The research at UDBL is concentrating on developing methods and techniques for managing data from heterogeneous and distributed data sources. Our research emphasis is on investigating how modern query processing techniques can be used for efficient searching and integration of data from heterogeneous databases, storage managers and other data sources in a distributed environment.
The current research direction of the group concentrates on developing methods for processing queries over data in terms of i) semantic web based representations and ii) high volume parallel scientific data streams. A challenge in both cases is to provide scalable search as the data volume increases and the queries become complicated. Our approach is to develop smart query transformation techniques and distributed query execution strategies.
As our current research vehicle we have developed a mediator engine, Amos II, based on a functional data model. Using this prototype, we have developed and verified a number of results on query optimization and proven the strength of functional data models for these purposes.
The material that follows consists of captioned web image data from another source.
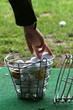 seau rempli de balles de golf seau rempli de balles de golf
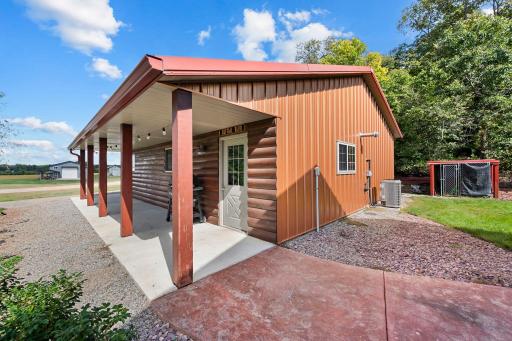 Outbuilding with heat and AC
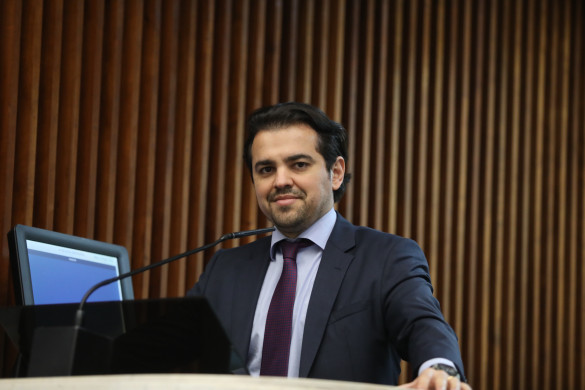 Projeto prevê exigência de aviso a consumidores quando houver abertura de cadastro com dados pessoais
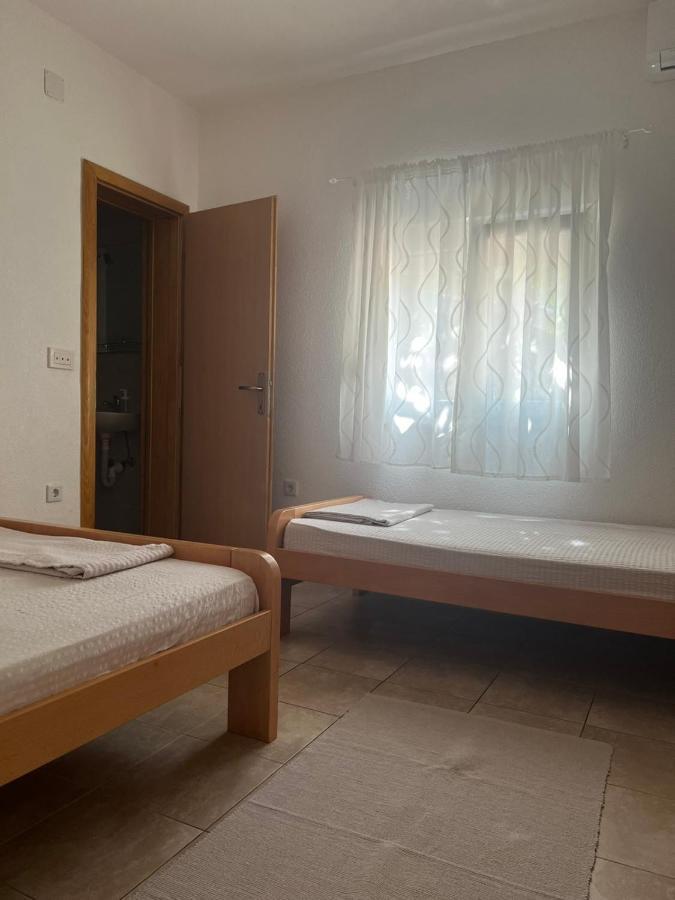 Apartment And Rooms Barbaric نيوم المظهر الخارجي الصورة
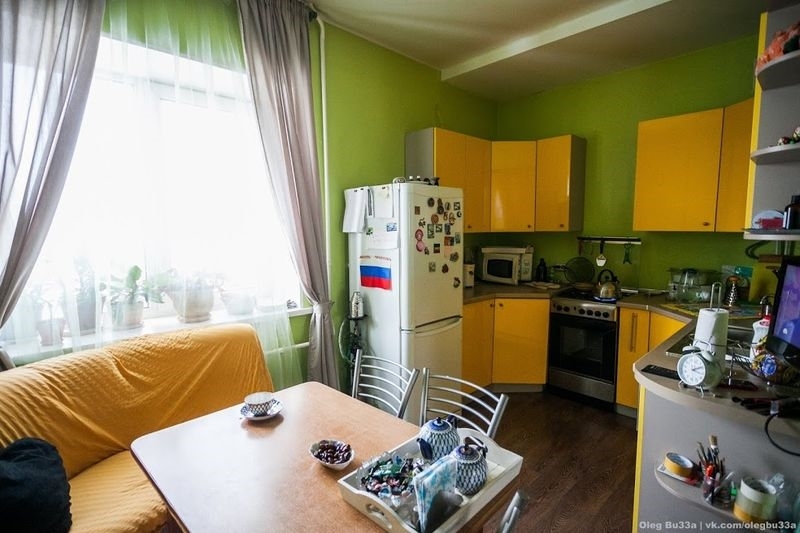 Продам двушку в хорошем районе.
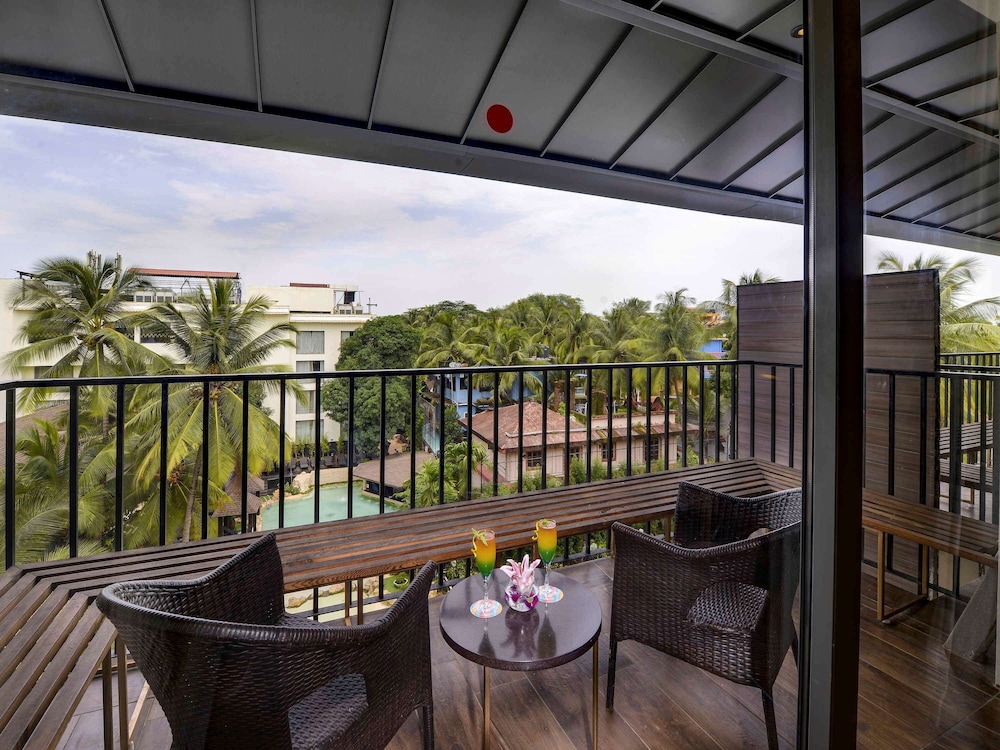 Luxury Room, 1 Double Bed with Sofa bed, Pool View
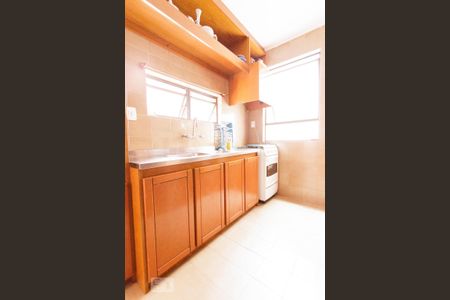 Cozinha de apartamento para alugar com 2 quartos, 60m² em Auxiliadora, Porto Alegre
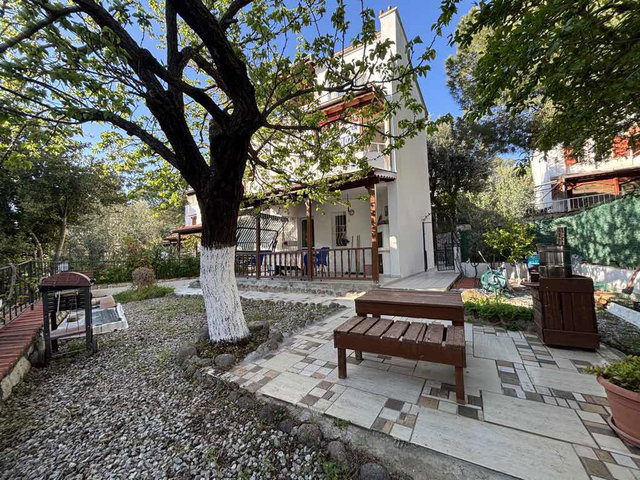 18 ÇANDARLI PIRI REIS SITESI KÖŞE KONUM DENIZ MANZARALI TRIPLEX 3+1 BAHÇELI SATILIK VILLA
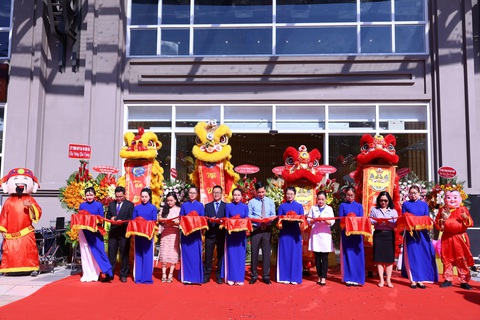 Khai trương trung tâm tiêm chủng VNVC Trung Sơn - Ảnh 1. Khai trương trung tâm tiêm chủng VNVC Trung Sơn - Ảnh 1.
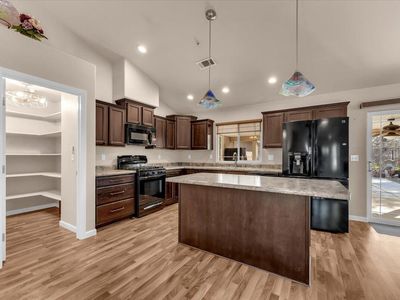 7253 Legacy Ct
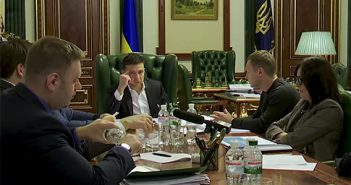 Офіс президента показав відео, як Зеленський вирішує питання тарифів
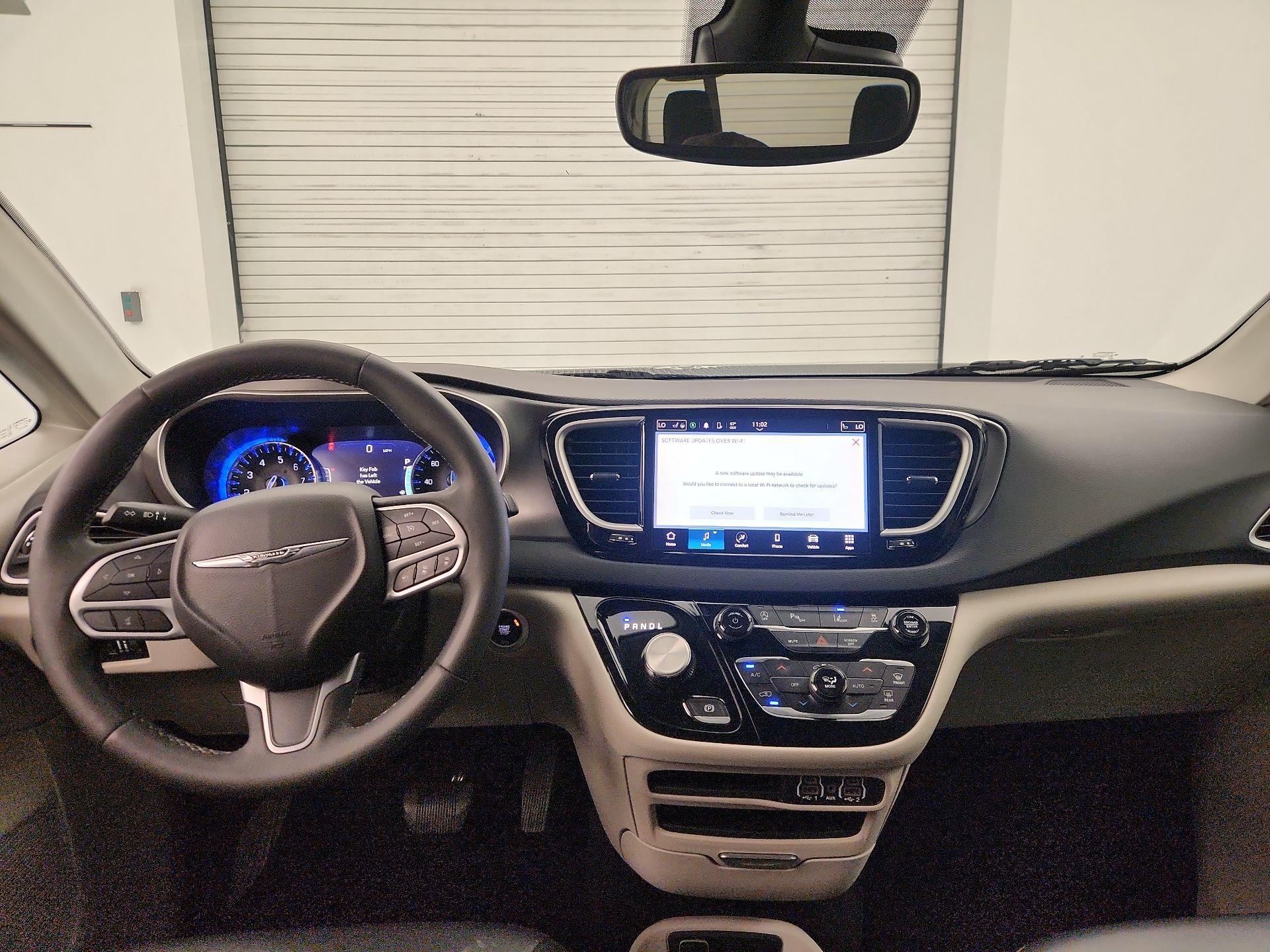 Thumbnail: 2023 Chrysler Pacifica - 9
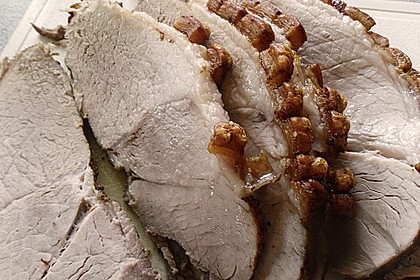 Bayrischer Krustenbraten mit Dunkelbiersoße und Semmelknödeln 39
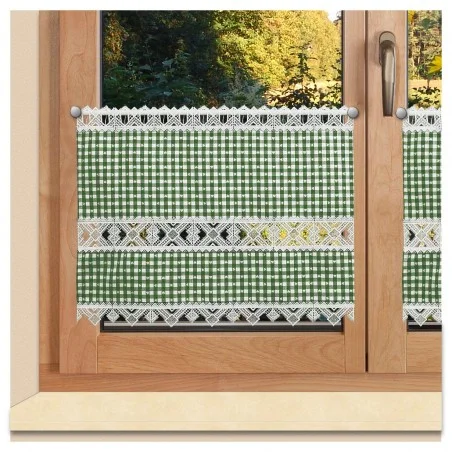 Scheibengardine Leni grün kariert mit Plauener Spitze am Fenster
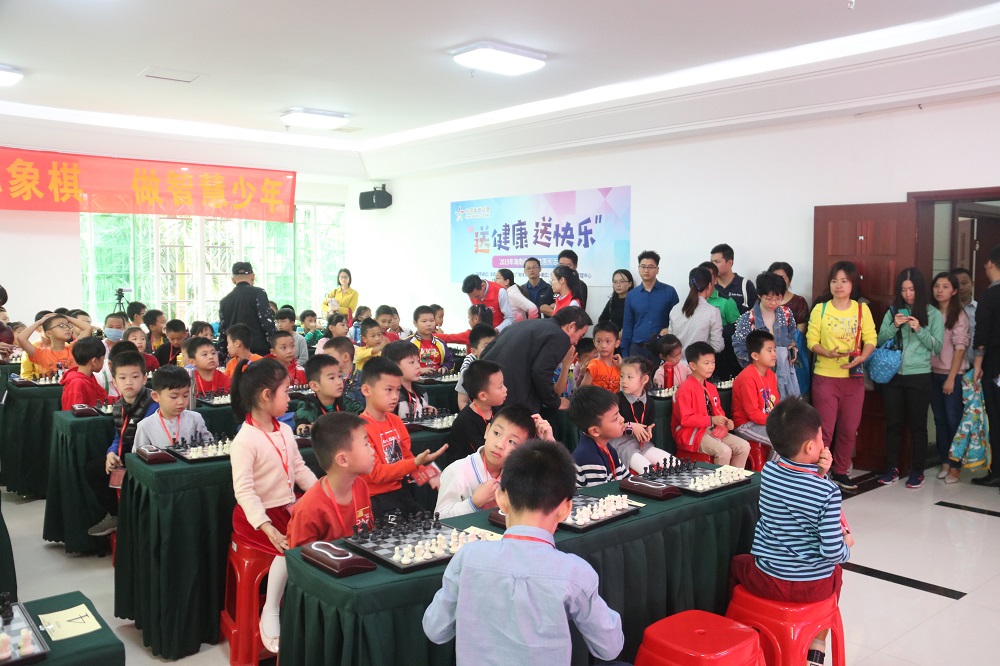 棋協(xié)大師助陣！海南省首屆小學(xué)國(guó)際象棋聯(lián)賽海口開(kāi)賽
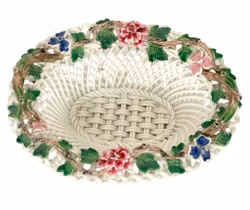 Starszy Dekoracyjny kosz z kwiatami z porcelany firmy Crown Staffordshire w Anglii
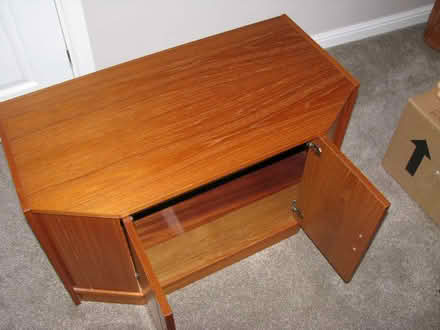Photo of free TV cabinet. (Howe Green CM2) #2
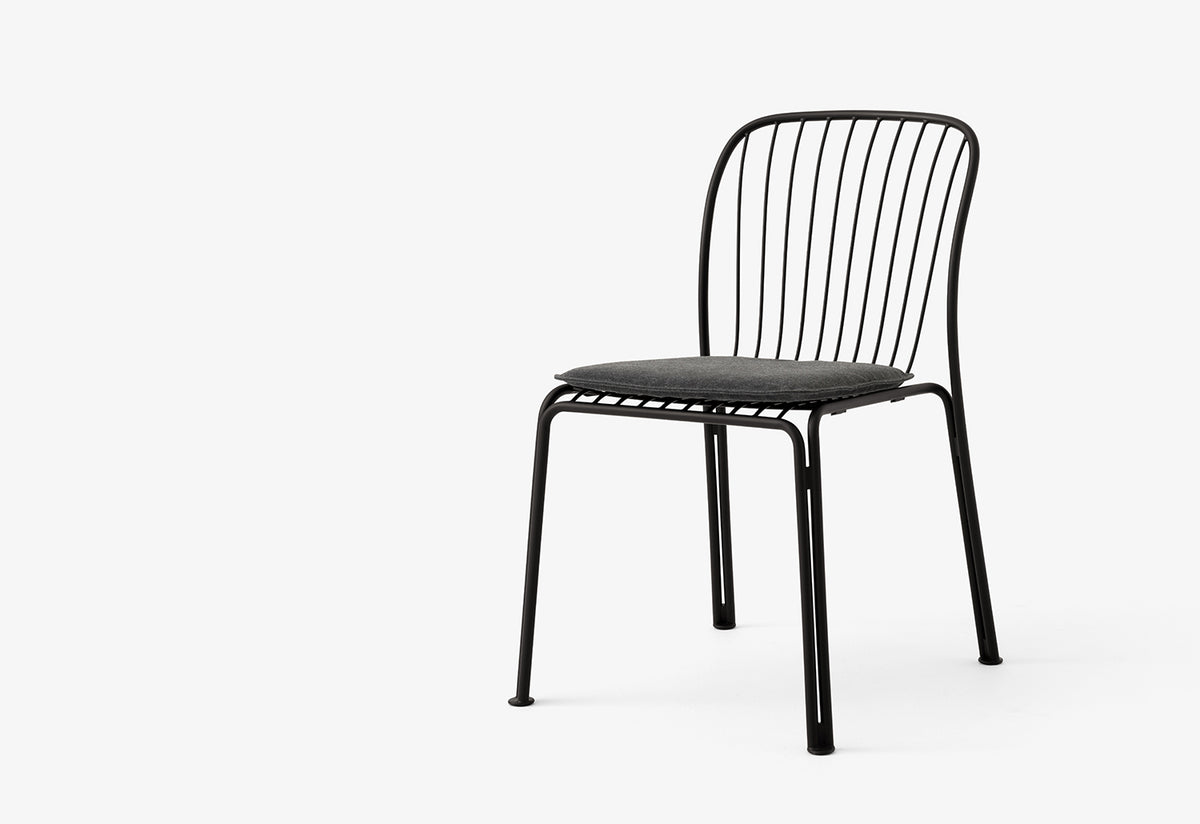 Thorvald Side Chair, Space copenhagen, Andtradition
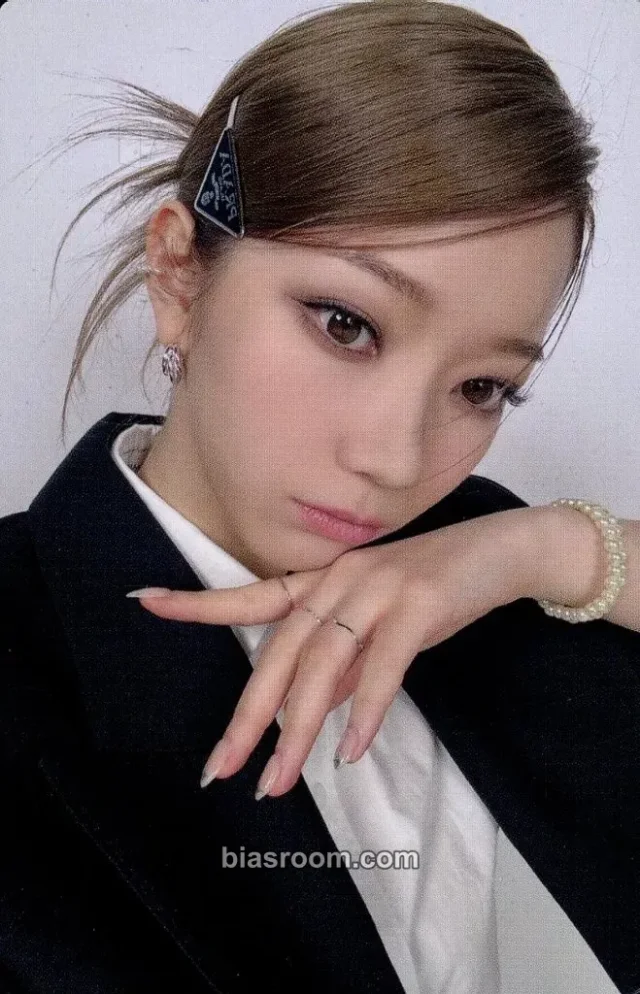 IS:SUE - Rino  - 1st IS:SUE  Album album photocard limited edition B version
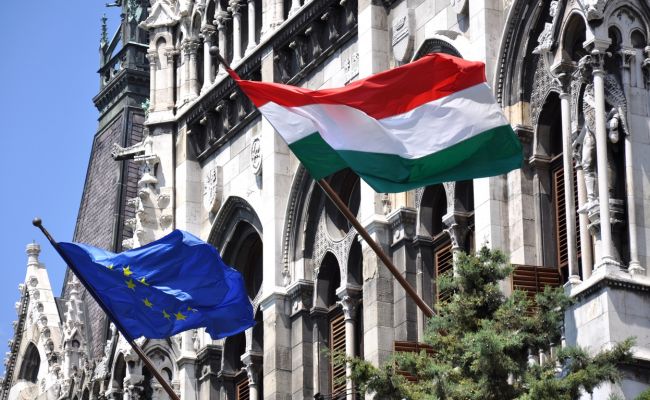 Брюссель мстит непокорной Венгрии: Еврокомиссия заморозила кредит для Будапешта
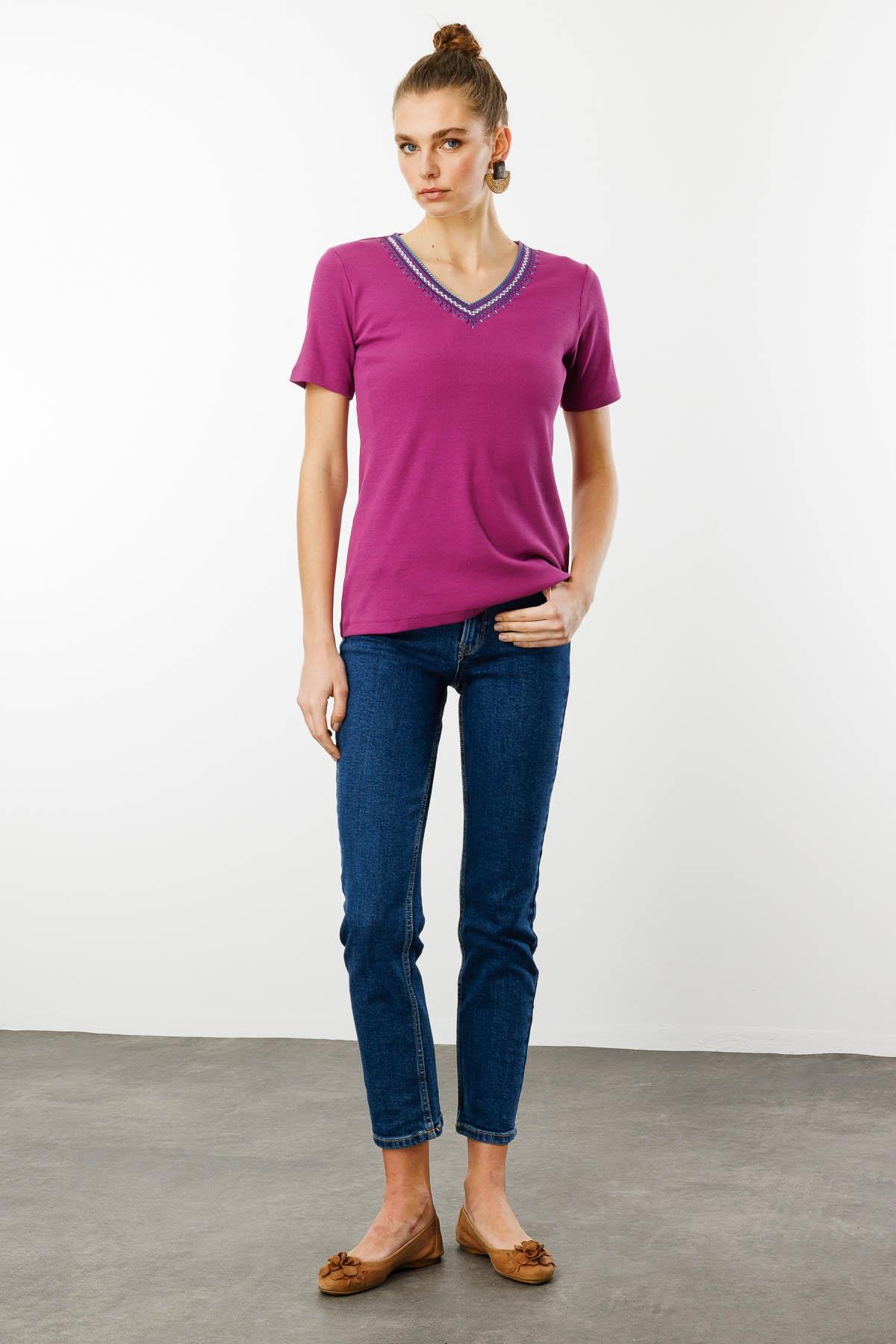25758Kadın V Yaka Yakası Nakış İşlemeli Pamuklu T-Shirt Fuşya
The following paper gives an overview of our research prototype and its use for integrating heterogeneous data:
T.Risch, V.Josifovski, and T.Katchaounov: Functional Data Integration in a Distributed Mediator System , in P.Gray, L.Kerschberg, P.King, and A.Poulovassilis (eds.): Functional Approach to Data Management - Modeling, Analyzing and Integrating Heterogeneous Data , Springer, ISBN 3-540-00375-4, 2003.
The following paper gives an introduction to our approach to integrate and query semantic web data sources:
T.Risch: Functional Queries to Wrapped Educational Semantic Web Meta-data in P.Gray, L.Kerschberg, P.King, and A.Poulovassilis (eds.): Functional Approach to Data Management - Modeling, Analyzing and Integrating Heterogeneous Data , Springer, ISBN 3-540-00375-4, 2003.
The technique was used in the Edutella project for querying Datalog-based distributed learning sources:
W.Neidl, B.Wolf, C.Qu, S.Decker, M.Sinek, A.Naeve, M.Nilsson, M.Palmér, and T.Risch: EDUTELLA: A P2P Networking Infrastructure Based on RDF. Presented at 11th International World Wide Web Conference, Honolulu, Hawaii, USA, May 2002.
For space physics applications we have developed methods to scale high volume data stream query processing:
M.Ivanova and T.Risch: Customizable Parallel Execution of Scientific Stream Queries, Proc. 31st International Conference on Very Large Databases, VLDB2005, Trondheim, Norway, 2005, pp 157-168.
We are currently developing scalable and parallel stream query processor SCSQ to run in a massively parallel and heterogeneous computing environment. SCSQ has been applied on space physics and traffic applications:
G.Gidofalvi, T.B. Pedersen, T.Risch, and E.Zeitler: Highly Scalable Trip Grouping for Large Scale Collective Transportation Systems, Proc. 11th International Conference on Extending Database Technology, EDBT 2008 , Nantes, France, March 2008.